§ **WHAT TO PRODUCE**:
Exact repetition of a range: find the line containing "4Sets Bed Rail" and the line containing "Whimsical Wildbloms Personlig" in the material below, then repeat both and all lines between them, leaving pictures out.

§ **DATASET RECORDS**:
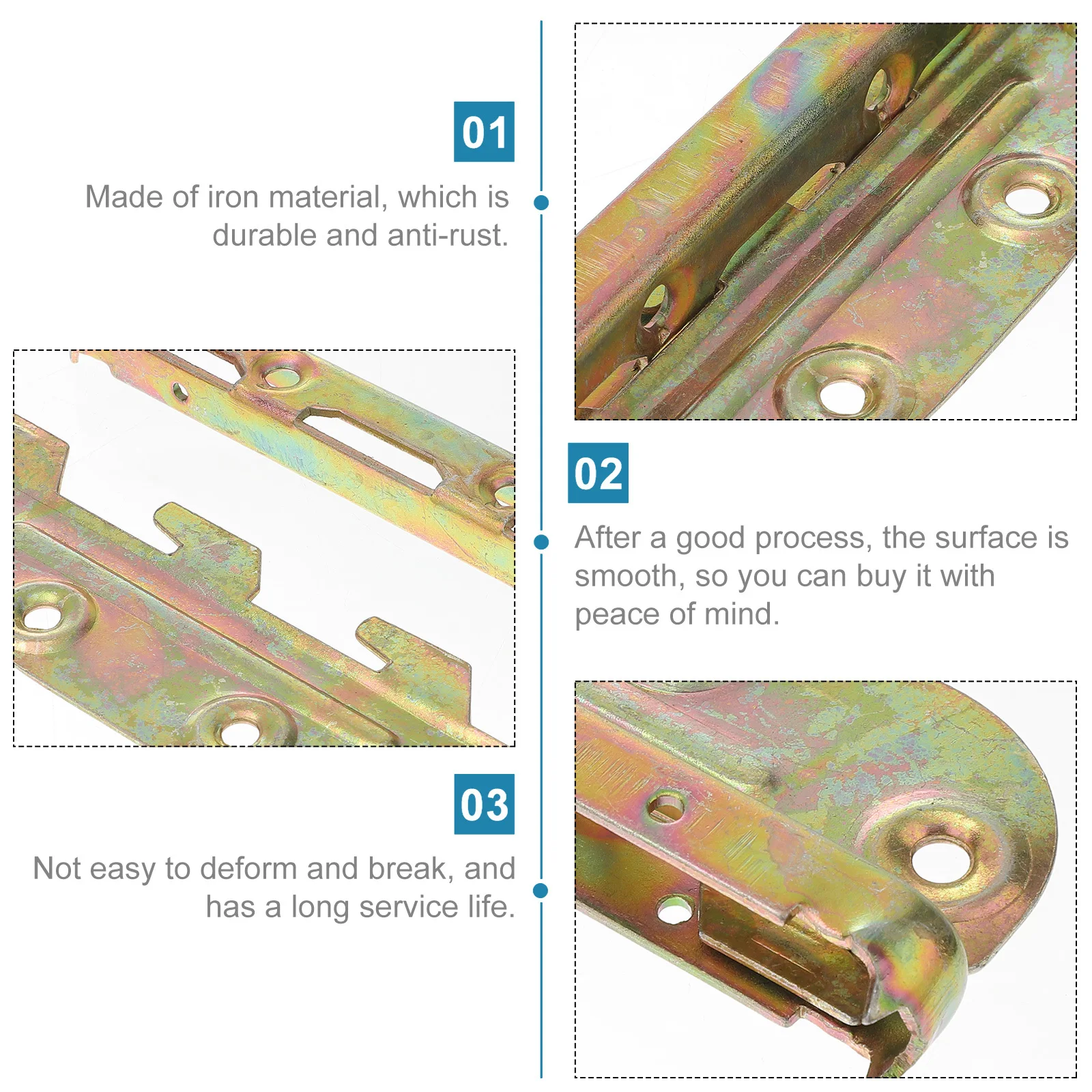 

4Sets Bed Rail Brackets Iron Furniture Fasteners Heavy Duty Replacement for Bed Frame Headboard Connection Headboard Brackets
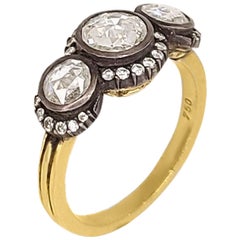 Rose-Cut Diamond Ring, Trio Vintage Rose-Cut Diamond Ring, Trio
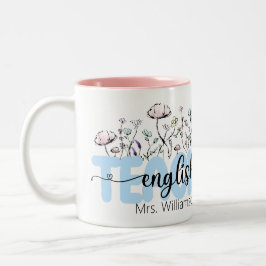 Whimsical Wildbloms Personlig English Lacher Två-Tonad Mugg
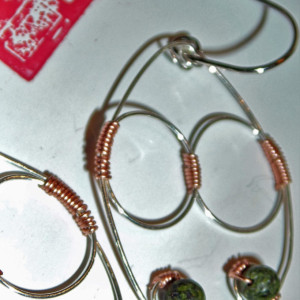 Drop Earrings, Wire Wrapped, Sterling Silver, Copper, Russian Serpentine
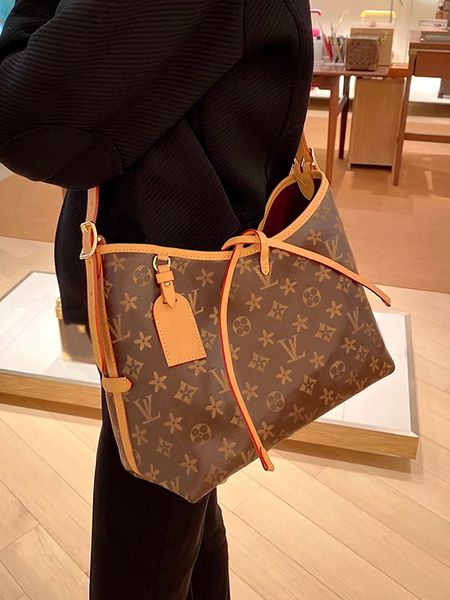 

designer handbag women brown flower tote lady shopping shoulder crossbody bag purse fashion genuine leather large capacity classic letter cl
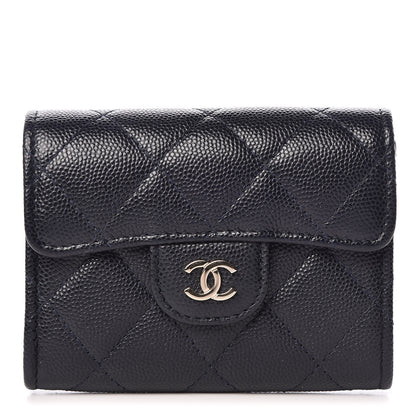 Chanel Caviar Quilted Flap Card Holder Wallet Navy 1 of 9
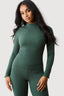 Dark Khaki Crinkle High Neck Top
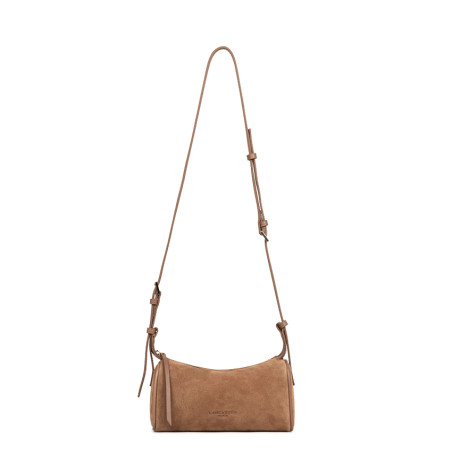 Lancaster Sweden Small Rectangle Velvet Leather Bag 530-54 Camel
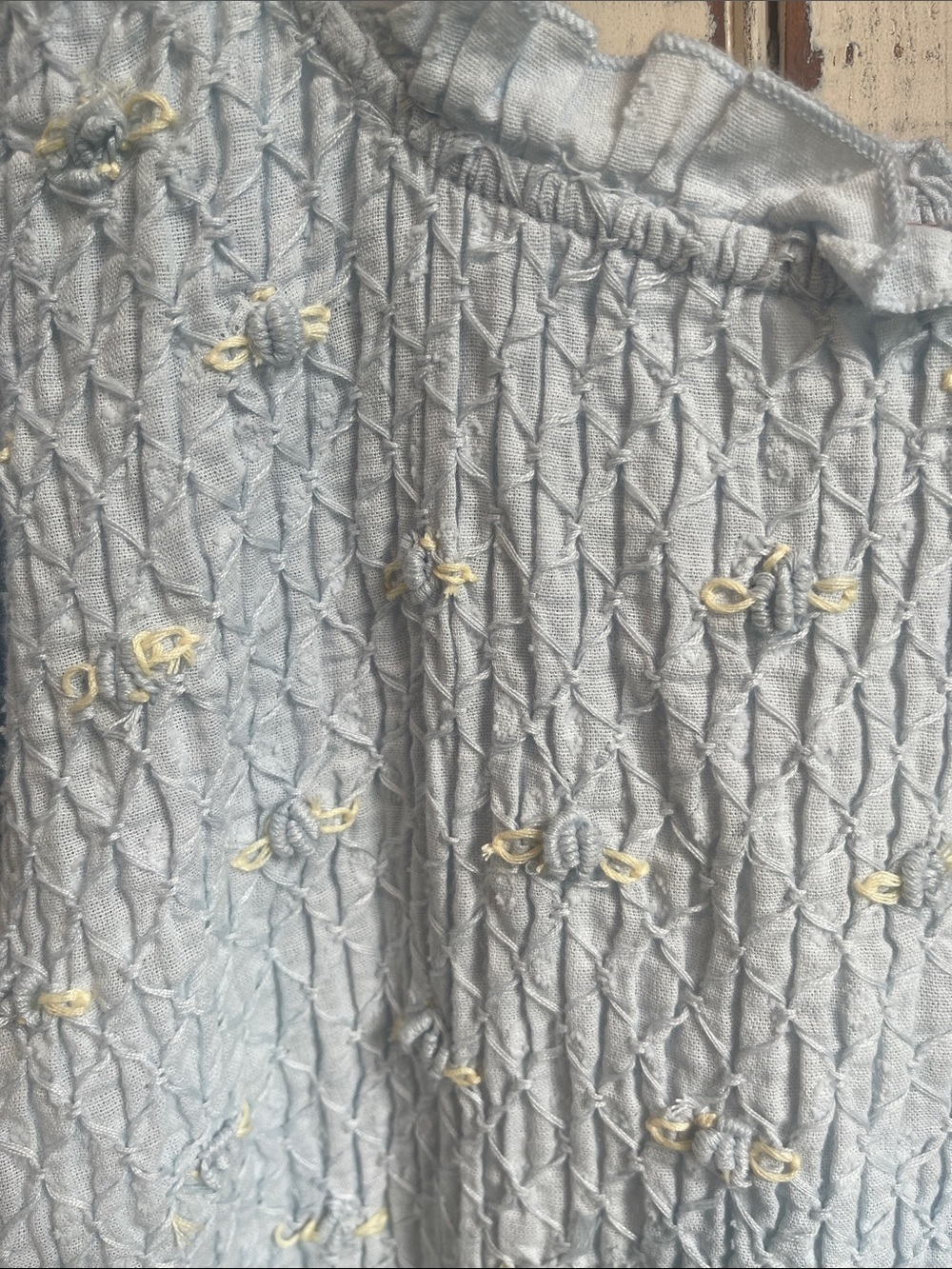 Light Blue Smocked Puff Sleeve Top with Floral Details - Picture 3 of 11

---

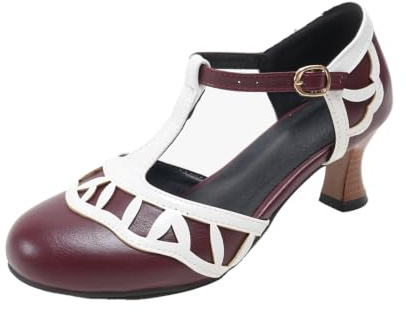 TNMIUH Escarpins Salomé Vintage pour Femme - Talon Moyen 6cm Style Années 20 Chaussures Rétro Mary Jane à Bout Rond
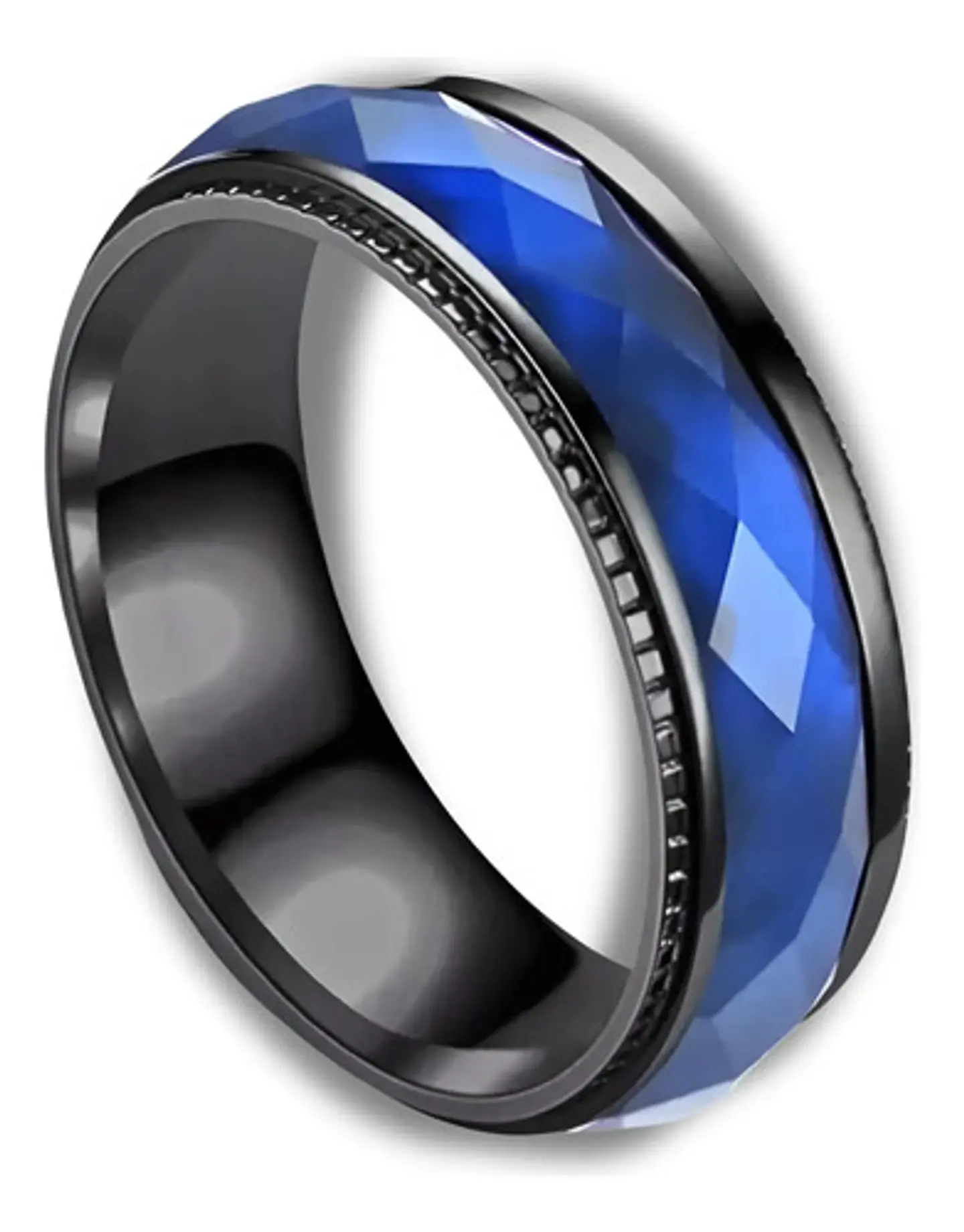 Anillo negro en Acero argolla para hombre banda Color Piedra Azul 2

§ **ANSWER BELOW**:
4Sets Bed Rail Brackets Iron Furniture Fasteners Heavy Duty Replacement for Bed Frame Headboard Connection Headboard Brackets
 Rose-Cut Diamond Ring, Trio Vintage Rose-Cut Diamond Ring, Trio
 Whimsical Wildbloms Personlig English Lacher Två-Tonad Mugg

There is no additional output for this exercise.